As an aspiring actress in the 1920s, Dietrich had no political profile to speak of. That she left Germany in 1930 owed largely to personal ambition. The morning after The Blue Angel’s Berlin premiere, her ears still ringing with the sound of ovations, she boarded a steamship to New York and from there a train to Hollywood, where she took up a contract with Paramount Pictures and made six further films with Josef von Sternberg, becoming the most famous German actor who had ever lived.
With that, the Nazis’ relationship to her became enormously complicated. The party believed that motion pictures were an invaluable tool of propaganda – in the words of Culture Minister Joseph Goebbels, “the most modern and scientific means of influencing the mass.” While Lola Lola may have struck them as tawdry, in Dietrich herself they saw an Aryan goddess: a vision of Teutonic loveliness, the daughter of a Prussian officer, and (highly conveniently) not remotely Jewish. Despite the official ban on The Blue Angel, Hitler hoarded a personal copy, which he screened at the least opportunity, forcing audiences of restless, alcohol-deprived diplomats to watch it in reverent silence. Sometime around 1936 he instructed Goebbels to persuade her to return and put her gifts in service of the Reich. She would become queen of the German film industry, all its resources amassed at her feet.
In the end Dietrich was politicised, but not as the Nazis intended. By 1933 she was funding Jewish refugees to escape the country, and she returned to Europe repeatedly to plead with her mother and sister to leave. On one visit in 1938, her brother-in-law arrived bearing yet another invitation from Goebbels. That Naziism had infiltrated her own family appalled her, and on her return to Los Angeles she took out American citizenship. “Dietrich has spent so many years among the film Jews of Hollywood that [she has been] rendered wholly un-German,” wrote the Nazi paper Die Sturmer. Below the photograph of her taking her oath in a tailored suit and floppy fedora, the caption read: “Judge administers oath to Dietrich so that she may betray the Fatherland”.

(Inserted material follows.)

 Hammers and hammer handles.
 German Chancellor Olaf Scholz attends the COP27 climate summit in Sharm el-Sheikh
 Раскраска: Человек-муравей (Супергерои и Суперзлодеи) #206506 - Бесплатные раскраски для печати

In the decade that followed Dietrich became an outspoken anti-fascist and a tireless supporter of the Allied troops. In 1944 she enlisted as an entertainer in the USO, performing four times a day on makeshift stages in North Africa, Italy, Great Britain, France, Belgium, and then, at tremendous personal risk, in Germany and Czechoslovakia behind enemy lines. Attempts to temper her bluntness invariably failed. Once in North Africa, invited to sing “Lili Marlene” on Armed Forces Radio, she grabbed the microphone and unleashed a torrent of fury at the German soldiers she thought might be listening: “Jungs! Opfert euch nicht! Der Krieg ist doch Scheisse, Hitler ist ein Idiot!” (“Boys! Don’t sacrifice yourselves! The war is shit! Hitler is an idiot!”) Surveying a bombarded Aachen late in 1944, she told a reporter, “I guess Germany deserves everything that’s coming to her” – a remark for which, even decades later, many of her compatriots never forgave her.
Today Dietrich is best remembered as an icon of glamour and sexual fluidity, signalled by the bold androgyny she displayed offscreen and on. Yet that pansexual sophistication tells only part of the story. The rest – the part she valued most – was entwined with the fight against fascism. Her work in that cause was, she once stated, “the only important thing I’ve ever done”.